A wise young person once said to me, “If you reject me, you redirect me.” This notion speaks perfectly to Palmer’s suggestion that much can be learned if we take the time to interrogate our experiences when opportunities are denied or when they simply don’t work, or feel, right…even when we desire to embrace them. He acknowledges that, at times, larger structures of discrimination or circumstance can be at play. Even within that possibility, Palmer encourages his readers to return to curiosity about self, values, and true nature to discern how to best make use of our rejection or discomfort. Palmer also points out that, sometimes, we need back up. Not in the form of advice, or comfort, but in powerful questions, from trusted people, that challenge us to do the work of seeing our true motivations, limits, and desires. In taking on this work, we increase our ability to align our next move from a place of clarity and integrity versus one of illusion or stubborn performance for the sake of ego or habit.

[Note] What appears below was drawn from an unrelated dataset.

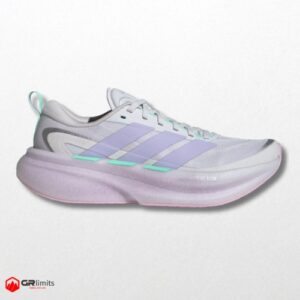 Zapatillas supernova glide w dushgrey/purple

What does this have to do with coaching?

Palmers words encourage the path toward authentic selfhood and stewardship of our gifts. His stories illustrate the roles others can play on that journey with a particular eye toward those who can support and accompany without ideas or advice. These people center the person on the journey rather than themselves and offer their support through powerful questions, patient quiet, and active listening. These people make room for exploring your own story and ultimately expanding your own thinking. They make space for you to do your own work and this to me is a coach.


What resonates and how will I use it?

I opened this piece with my favorite quote illustrating a theme that threads through all of Palmer’s book. Accepting that we have true nature, a soul who is at play, helps us to understand how we are showing up in the world and the ripples and impacts of our choices (and illusions) on ourselves, our loved ones, and the world around us. Both personally, and as a coach, this concept offers a whole new tool for exploring and making meaning of our interactions with the world. What do I understand if I sort from the viewpoint of true nature? What new opportunities might I seek if I can recognize what suits me and what does not?

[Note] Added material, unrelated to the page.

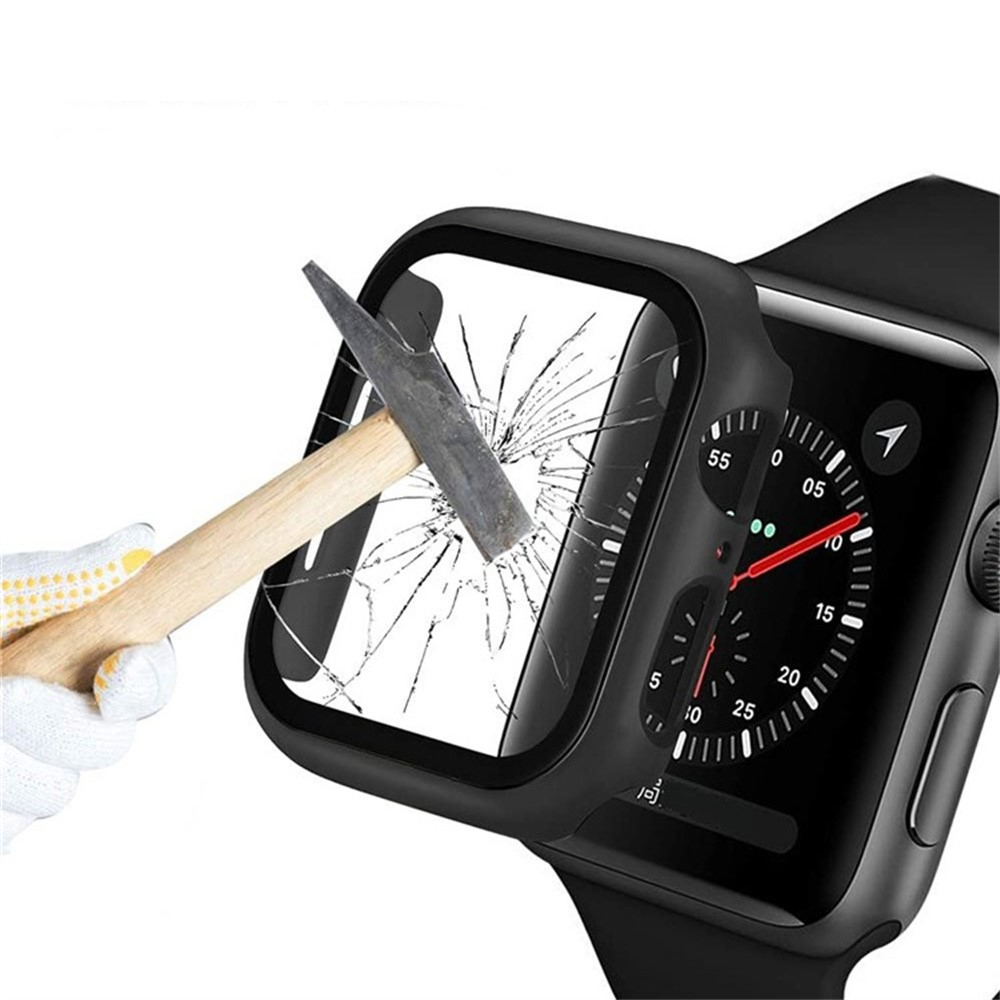 Apple Watch Series 11 / Series 10 (42 mm) Hardcase Bumper   Display Schutzglas - Grün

How will you apply the key message in this book within your coaching?

I am committed to continuing to build the skill and presence that invites my clients into their own work. I hope to be able to hold space that feels curious enough to explore new ways of understanding the world; challenging enough to find use in the paradox and limitations; engaging enough to support momentum; and safe enough for soul to share its way of knowing and guide my clients toward their vocation, their joy, and their authentic self.